Rust generators: exploration of potential syntax

I have some ideas on what generators on stable Rust should look like.

There are many open questions, and one of them is syntax. Thankfully, we can explore that space without having to patch rustc itself. If you're interested, please file PRs or issues against this repo with your thoughts!

16 Likes

One of the limitations of Iterator currently is not being able to have a streaming iterator that reuses a buffer. e.g.

struct ReadFile<'a> {
    reader: std::io::BufReader<std::fs::File>,
    buffer: [u8; 1024],
    _phantom: std::marker::PhantomData<&'a ()>
}
  
impl<'a> Iterator for ReadFile<'a> {
    type Item = &'a [u8];

    fn next(&mut self) -> Option<Self::Item> {
        if let Ok(n @ 1..) = self.reader.read(&mut self.buffer) {
            Some(&self.buffer[0..n])
        }
        else {
            None
        }
    }
}

cannot infer an appropriate lifetime for lifetime parameter in function call due to conflicting requirements

note: ...so that reference does not outlive borrowed content

I believe the solution would be to add the lifetime to the self reference but this isn't allowed because it contradicts the trait definition. Could generators resolve this issue?
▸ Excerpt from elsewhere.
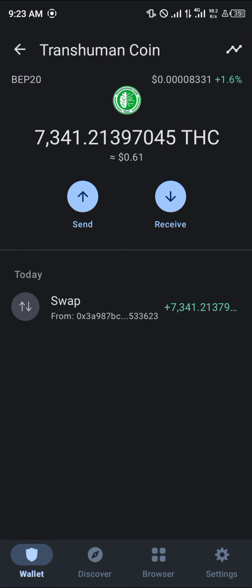The Transhuman Coin is now available in your wallet. Comment below if you have any questions about how to buy the Transhuman Coin on Trust Wallet and you'll be given an answer. Thank you!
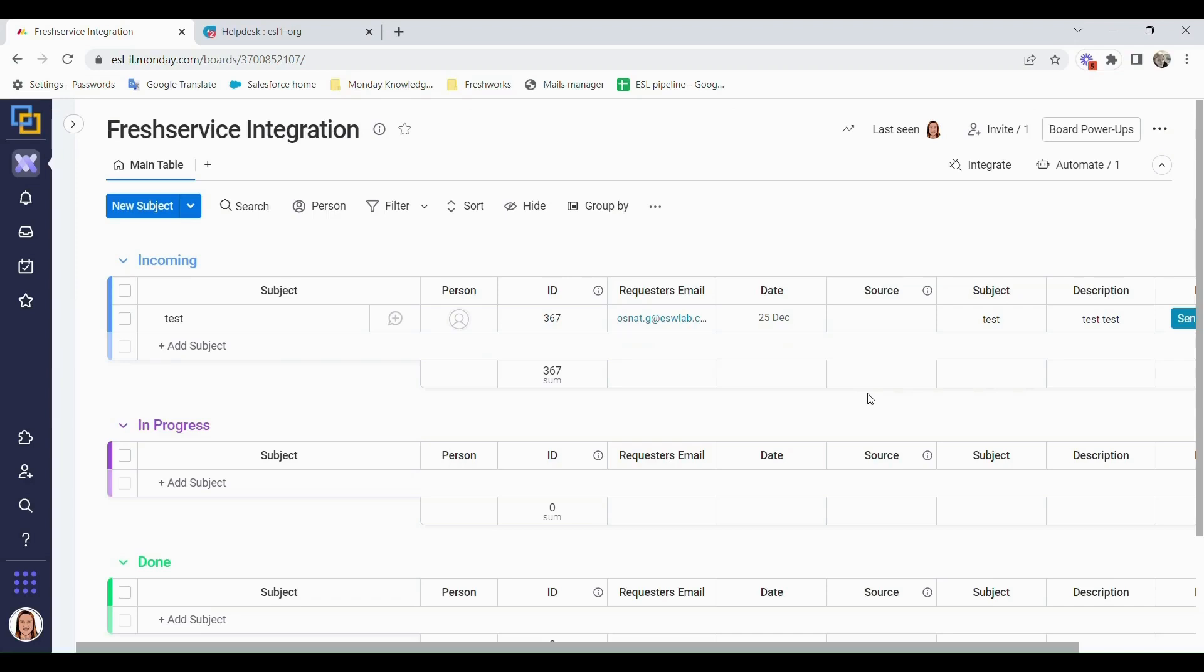Hello and welcome to the Monday.com to Freshservice integration how-to video. My name is Osnat and I'm from ESL in the customer success team. We've developed this app specifically to be able to open tickets from Monday into Freshservice.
I don't think that's related to generator syntax. It just needs new traits for so-called "lending (previously streaming) iterators" and "lending streams".

1 Like

As far as syntax goes, the thing that leaps to mind is most analogous to async fn:

yield fn my_generator(...) -> i32 { ... }

which desugars to a function returning impl Iterator<Item = i32>, and

async yield fn my_stream(...) -> i32 { ... }

for impl Stream<Item = i32>.

2 Likes

My proposal is a contextual keyword gen and

gen generator() -> i32 { ... }
async gen async_generator() -> i32 { ... }

I see using -> instead of a different token or keyword has some support. Aren't people concerned about potential user confusion when seeing that? Maybe I'm being overly pessimistic, but I like to increase syntactic distance as much as possible to make it easier to notice and teach.

I think this is greatly reduced given that there will be a yield keyword somewhere in the body, and some keyword (maybe also yield) in the function definition.
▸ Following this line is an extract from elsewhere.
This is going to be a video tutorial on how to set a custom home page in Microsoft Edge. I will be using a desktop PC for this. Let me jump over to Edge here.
Rustdoc can always hide whether it was written using generators in what it shows, if desired...

1 Like

This is less a response to the bikeshed request (though it contains some bikeshed for communication purposes), but actually a semantics argument. Apologies, this is only lightly copy-edited, and maybe could be (should be?) its own blog post. I have some previous discussion on a very draft RFC.

I don't want trait Generator<Args> { type Yield; type Return; }. I want trait FnMut<Args> { type Output; }. (And, well, FnPinMut for semicoroutines[1] which require pinning.)
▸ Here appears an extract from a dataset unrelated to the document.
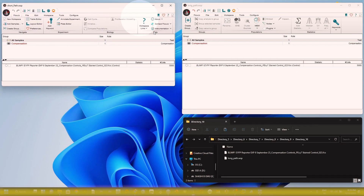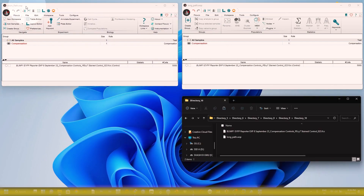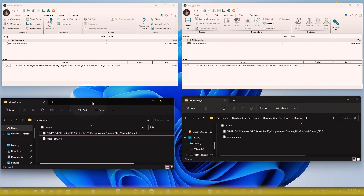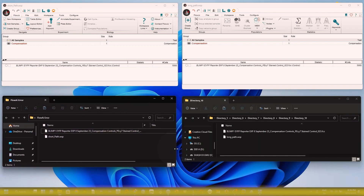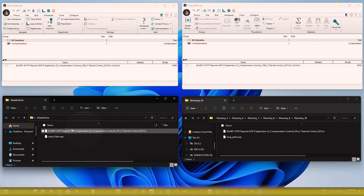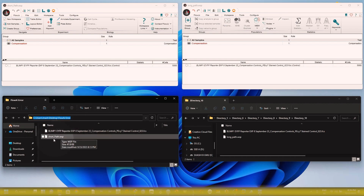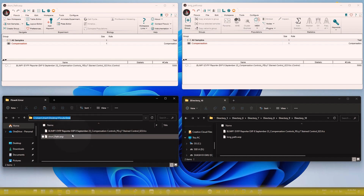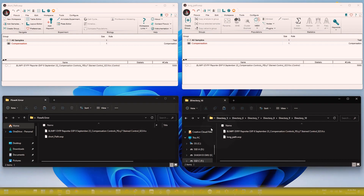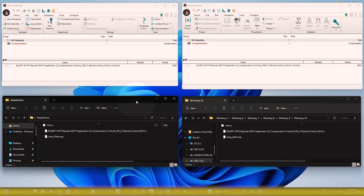The other WSP file I'm going to show you uses a short path. I used a short path to save the WSP file and the FCS file. You can see — I saved them on the Desktop in a folder called 'FlowAI Error Folder.' This short path is the key difference, and the long path is the major cause of the FlowAI error in FlowJo software.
My core argument here is that semicoroutines[1] and FnMut have the exact same interface from the caller's perspective:

  • You have some state object
  • You call a function with a unique reference to said state object
  • You receive a return value, and the state object is potentially mutated
    • In FnMut case, FnMut::Output
    • In Generator case, GeneratorState<Generator::Yield, Generator::Return>

These are the same API, thus, imho, should be represented by the same trait. (This is similar to how Future was originally designed with Result baked into it, with both an Item and Error type, but today was stabilized with just a singular Output type. With today's Generator, it's GeneratorState<Yield, Return>, which would be unified into a singular Output.)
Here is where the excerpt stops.